I'm the worst at this. Breaking off a relationship. I could never do it properly, without any tears. Why do break ups always have to end in hurt, pain and tears? Why haven't I had one experience where the break up resulted in a happy ending? My friends always tell me about how they're still talking to their ex boyfriend or ex girlfriend. I've never had a single conversation with someone I've dated after the break up. But I had no choice, I didn't want to lead her on anymore. I don't love her anymore. I just don't feel like being in a relationship. After the previous ones, I just don't see the purpose of relationship and commitment anymore. I really like her, but I think she deserves someone who is commited to her and is willing to be there for her when she needs someone there for her. Me? I can't be there for her, because I've changed. I'm not that type of person anymore, and it's all her fault. I guess it's just bad timing.

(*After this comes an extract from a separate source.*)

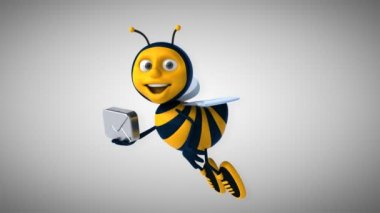 Eğlenceli çizgi film arı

Bad timing, I hated when a girl would tell me that. It would always mean that we could've been something but because their stupid ex screwed them over and they're still drooling over them, ruins my future with them. It meant that she wasn't ready to be in a relationship yet or she's just not that interested in being held down. I hated it. And look at me now, I'm going to be the one telling her. I'm the one that an ex screwed over. I'm the one that isn't ready to be committed. I'm the one that doesn't want to be held down. I'm a fucking hypocrite.

I keep telling myself this, and I never follow through. I've been putting this aside for almost a month now. And the more and more I spend time with her, the less and less feelings I feel for her. Right now, and I'll probably feel bad for even thinking of it like this, but I feel like she's more of a friends with benefit, except she loves me. What can I do? I don't want to see her as just that. I'd rather have her as my friend rather than someone I'm using. I suppose this is it. I'm just planning it all out right now.

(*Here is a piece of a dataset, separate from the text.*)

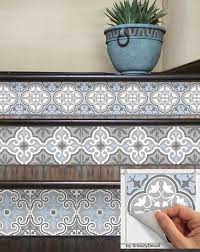 Wall Tile Decals Vinyl Sticker Removable Tile Or Wallpaper For Kitchen Bath Stair Risers Bmix3 Mit Bildern Aufkleber Fliesen Sticker Fliesenaufkleber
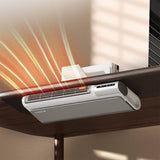 Ciarra Radiateur d appoint Chauffage Ceramique & Ventilateur 2-en-1 | Ultra Fin, 3 Vitesses de Ventilation, Arrêt Automatique, Coque Anti-brûlure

Pick her up from her place, bring her to a fancy restaurant. Buy the most expensive meal that she could enjoy. Take her out to the beach out of town, the skyline of the city from there is beautiful. Hold her in my arms one last time. After the sun has set and spending a few couple of hours, I'll drop her home. Thank God her parents won't be home. They treat us like we're married. I'm only nineteen and she's eighteen, I don't think marriage was anywhere near our future.

I got ready, made sure that I looked presentable. I may be breaking up with her, but I wanted to be the best I can be for this moment. I want her to remember the good times, and not the bad. Today, tonight, I'm going to try and keep a friendship with an exgirlfriend.

So here I go. I got up, walked towards the door. God help me.